Short text fragments from websites:
BEGIN

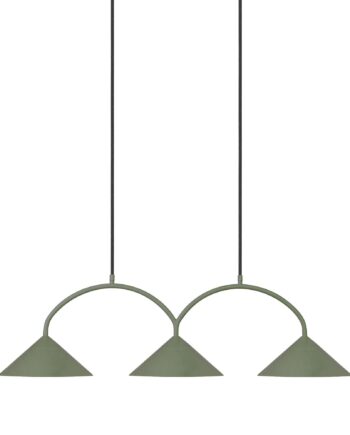 Globen Lighting Pendel Curve   Lampe  Grøn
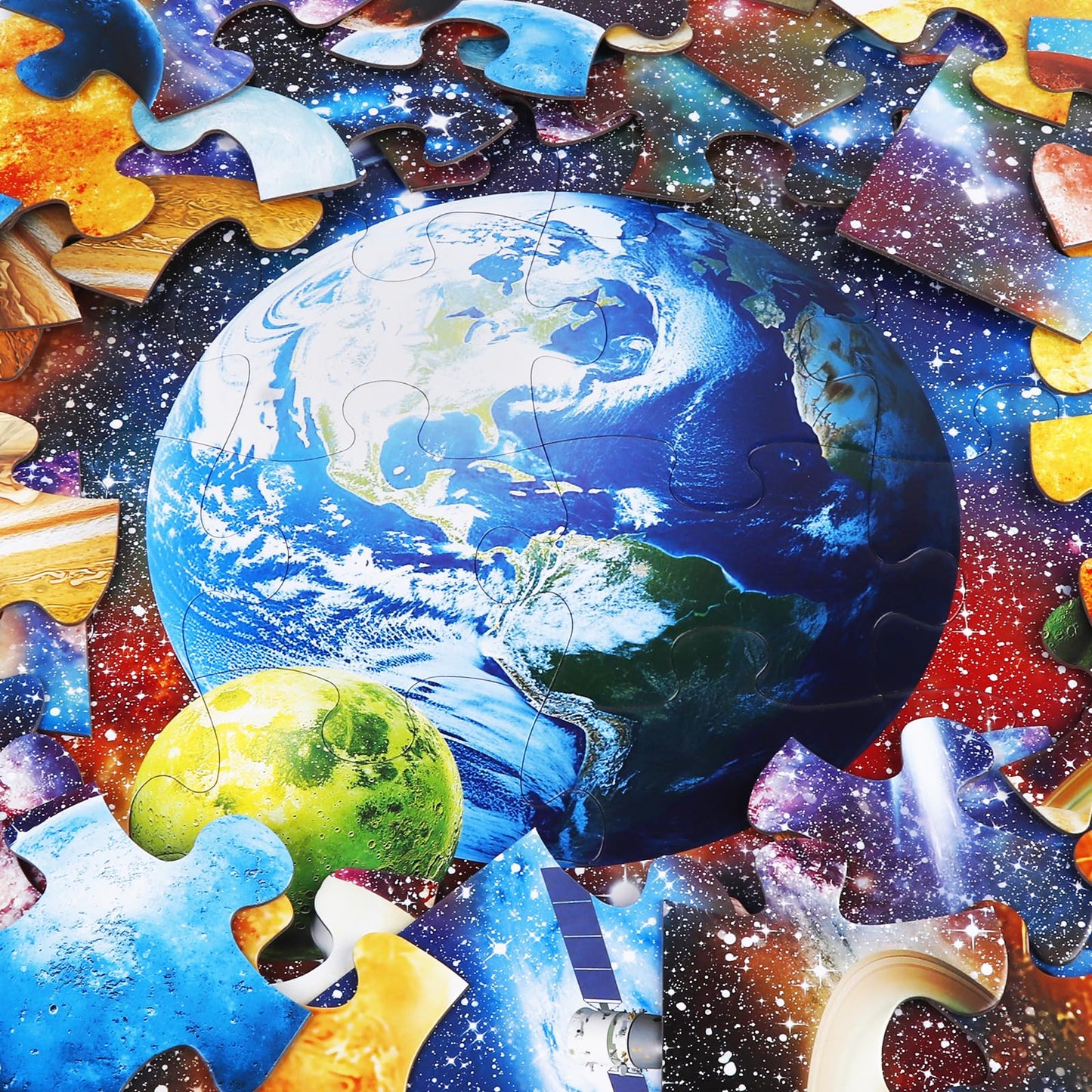 IFLOVE Jumbo Floor Puzzle – Solar System 48-Piece Large Kids Jigsaw for Ages 3-8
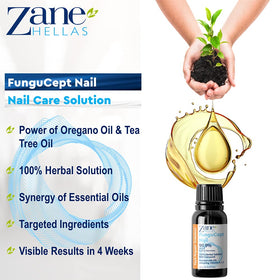 Zane Hellas FunguCept enriched with vitamins supports nail care routines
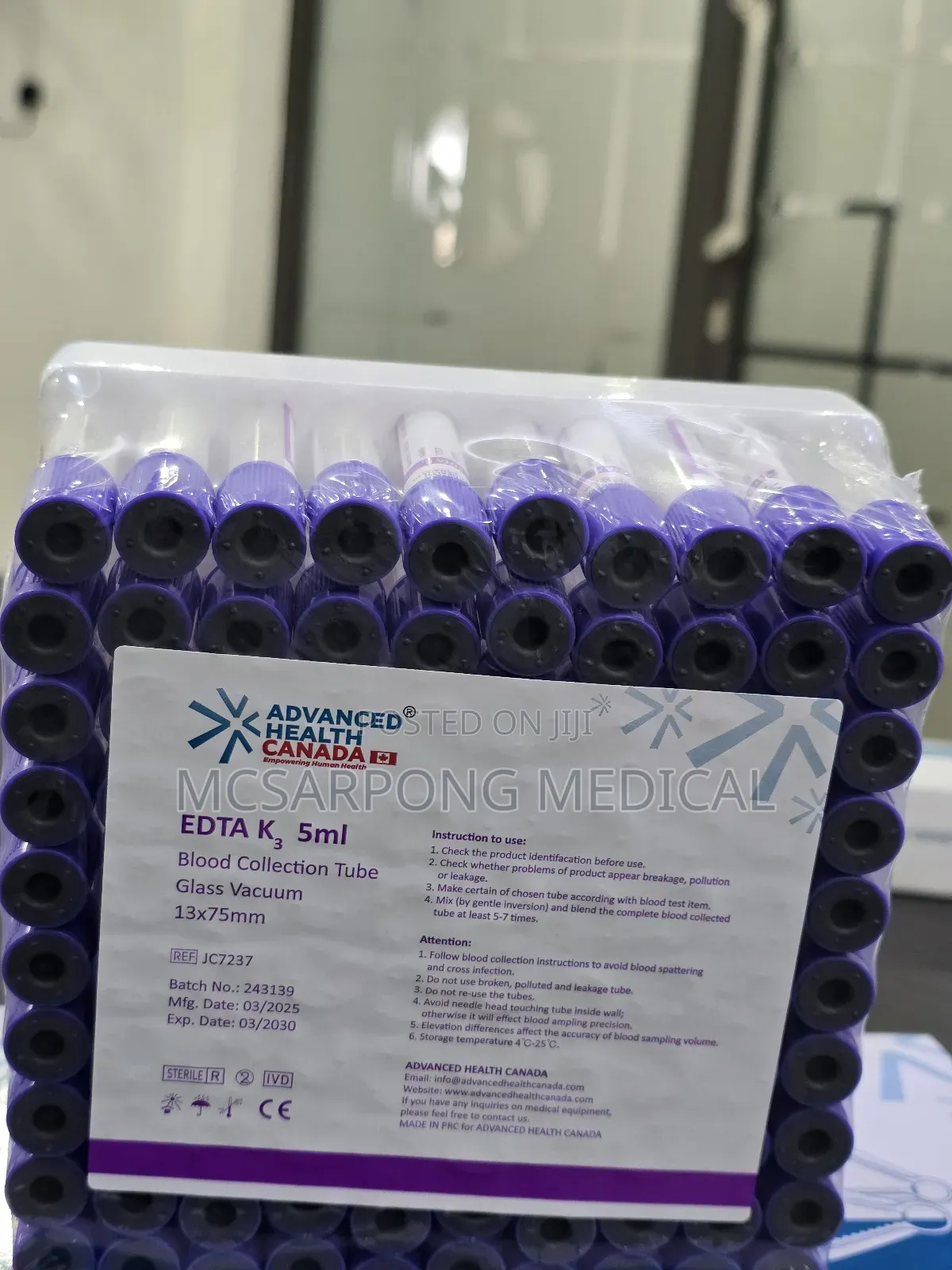 Edta 5ml Blood Collection Tube
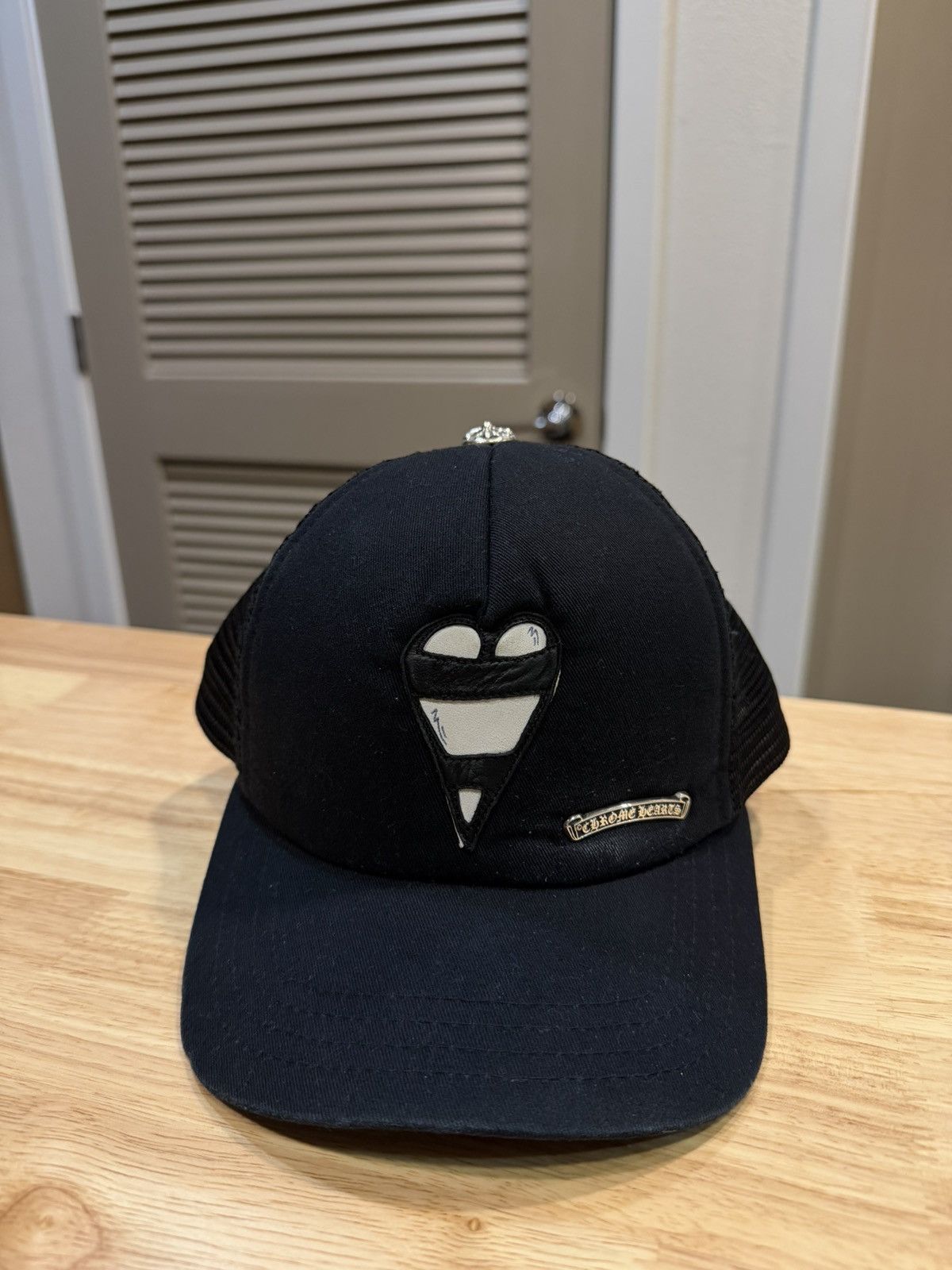 Chrome Hearts CH Matty Boy Leather Heart Patch Trucker Hat Size ONE SIZE - 1 Thumbnail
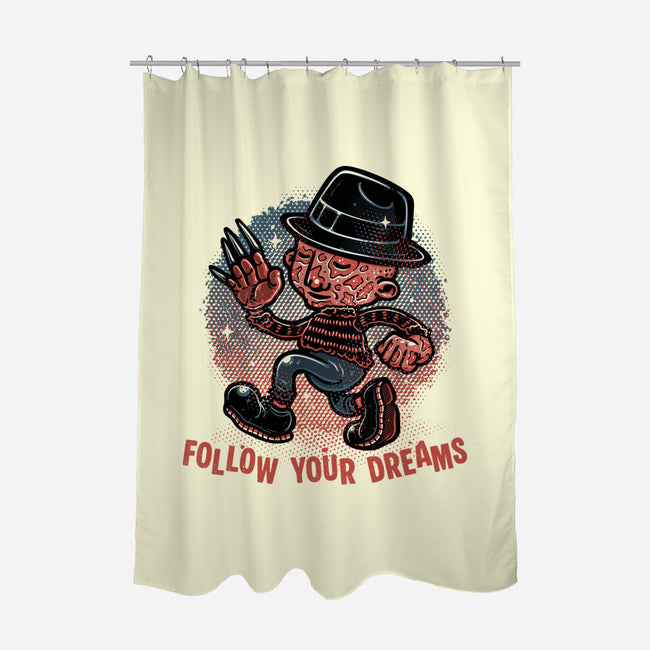 Follow Your Dreams Or Nightmares-None-Polyester-Shower Curtain-glitchygorilla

END

▸ Problem to solve: Every entry must be retyped exactly, with the pictures removed.

▸ Written answer:
 Globen Lighting Pendel Curve   Lampe  Grøn
 IFLOVE Jumbo Floor Puzzle – Solar System 48-Piece Large Kids Jigsaw for Ages 3-8
 Zane Hellas FunguCept enriched with vitamins supports nail care routines
 Edta 5ml Blood Collection Tube
 Chrome Hearts CH Matty Boy Leather Heart Patch Trucker Hat Size ONE SIZE - 1 Thumbnail
 Follow Your Dreams Or Nightmares-None-Polyester-Shower Curtain-glitchygorilla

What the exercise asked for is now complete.